We are in negative equity to the tune of about 180k on our PPR.  Our worry is that we can only afford the IO and when the term is up the house is gone....we will be both 65 then and homeless....

On Investment 1&2 both mortgages are with KBC.  Both are on trackers.  if they agree to take the RI what happens at the end of the term and the outstanding amount?

Thanks for your advice..much appreciated.


----------



## kaza (26 Jan 2012)

For your rental propery in the UK with KBC, that only has 14 years remaining on the term so you could ask them for a term extension to make the repayments more managable? I have done this with my rental property with KBC, I extended the term by 5 years and they allowed me to keep my tracker. Now I add less to it each month and at least the capital is coming down.

With regards going into a RI agreement with them - I was told by KBC that they will only do this generally on a 12 month arrangement, then they will re-access in 12 months. So basically it is an option, but really all you are doing is threading water with it because the term is decreasing and the amount outstanding will then by divided up over the remaining term whenever you come off your agreement with them. So at that stage the repayments will be even higher per month.  

How much negative equity is in the apartment in the UK? Is it possible at all to sell it?


----------



## 44brendan (26 Jan 2012)

Stand back & think about this. Currently your financial position is such that you are unable to afford any capital reductions on the mortgage. Given your deal with the lender, you have the option of paying no capital for the next 32 years. I.e. in 32 years time you will owe 450K on the property in today's money. Given the cheap mortgage available I would not want to pay anything off the principle. As time progresses the economy & your own income will improve. Rather than paying off the mortgage you gradually put surplus funds into a pension investment. Yield, will be betttter than mortgage interest. The value of the property will also increase over time. That will give you plenty of options by then. Don't believe me, go to an independent financial advisor on this.
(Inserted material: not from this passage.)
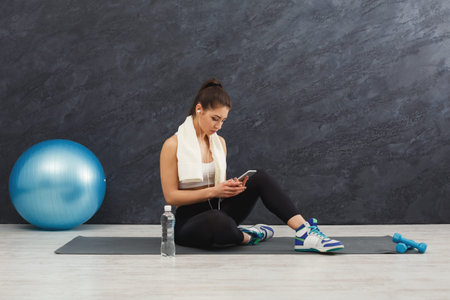 Woman Sitting on Mat Using Phone With Workout Gear and Equipment in a Gym or Fitness Studio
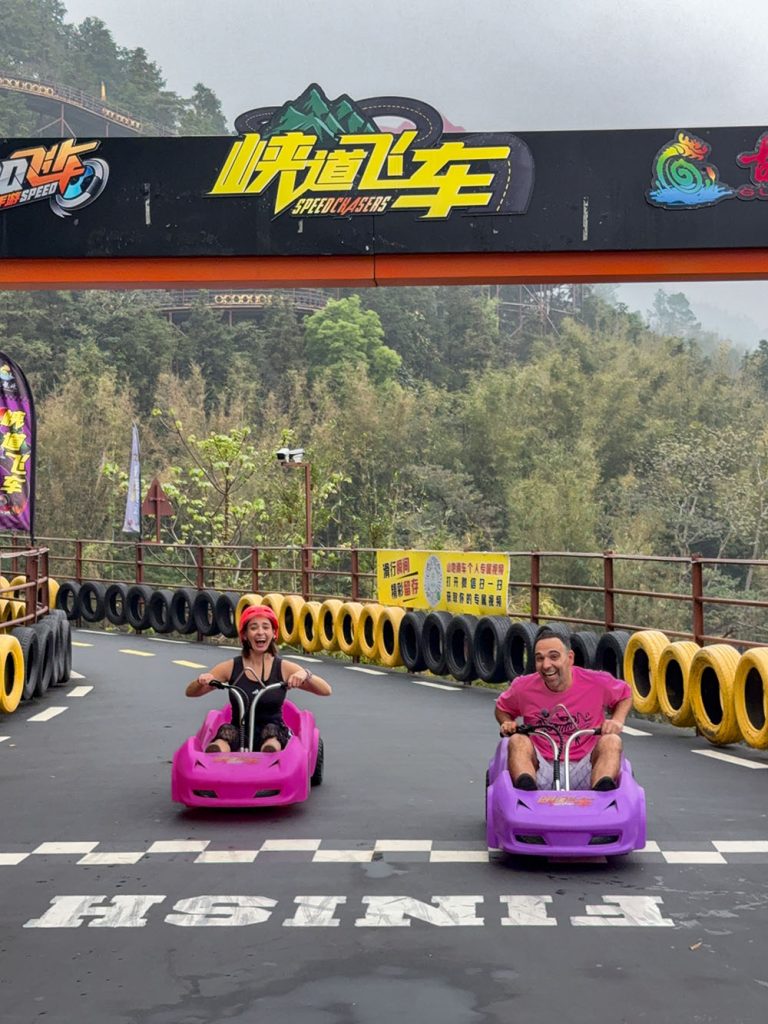 Marta y Javi descendiendo por el circuito de Gulongxia en Guangdong, China, montados en dos coches de carreras estilo Mario Kart. El trazado serpentea entre montañas y bosques con curvas cerradas y vistas espectaculares. Una de las experiencias más divertidas en los parques de aventura de China.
Trackers are the norm for investment mortgages. Standard variable rates apply to Hl's. In the case of my own Bank we apply no extra interest increase where a client has financial difficulties, as that is only likely to increase our potential loss. Interrest rate is not the issue now for you. 

Sometimes these problems can seem bigger than they are. KBC are generally a pragmatic Bank and are not looking for quick exit strategies. As I proposed earlier, write to theme & give an honest summary of your financial position & make the offer of paying them the rental income. They should accept. They would be foolish not to. There is no need to beggar yourself & your family trying to maintain the higher repayments.


----------



## 3rd Gen (26 Jan 2012)

44brendan said:


> Stand back & think about this. Currently your financial position is such that you are unable to afford any capital reductions on the mortgage. Given your deal with the lender, you have the option of paying no capital for the next 32 years. I.e. in 32 years time you will owe 450K on the property in today's money. Given the cheap mortgage available I would not want to pay anything off the principle. As time progresses the economy & your own income will improve. Rather than paying off the mortgage you gradually put surplus funds into a pension investment. Yield, will be betttter than mortgage interest. The value of the property will also increase over time. That will give you plenty of options by then. Don't believe me, go to an independent financial advisor on this.
> .




Not to argue with you, but 15k a year is needed to pay off the outstanding 480k.  For every year that passes where we dont pay anything off the increase is obviously dramatic and becomes more and more impossible to pay off.  Lets fast forward for a minute and we are 64 and our mortgage term is to conclude next month.  If we still have (lets say) 250k outstanding on the mortgage what will happen to us?  I have no pension, my wife will have somthing small and we could find ourselves homeless or having to rent in our retirement age, which will be impossible....

I appreciate your views but is this not a classic case of kicking the can so far down the road that by the time you come to it again it is too late to make serious changes...at least we have youth on our side at the moment.


----------



## DerKaiser (26 Jan 2012)

A lot going on there.

Focus on one issue at a time.  I think the UK property is the one to deal with first.

*Question 1*
Are you in negative equity?  If not, sell as quickly as possible.  If yes, have you any hope of making up the difference if you sell it?

You will be in serious trouble if you have to make capital repayments on that property.

*Question 2*

How are you subsidising the UK property if rent is £600pm and mortgage is £265pm?


----------



## 3rd Gen (26 Jan 2012)

DerKaiser said:


> A lot going on there.
> 
> Focus on one issue at a time.  I think the UK property is the one to deal with first.
> 
> ...



Negative equity is about 30-50k. Have personal loan of 15k so don't think I'll get a sort term loan nor do I think I could afford on.  Yes, there is no way I can afford capital repayments. It's about £1300.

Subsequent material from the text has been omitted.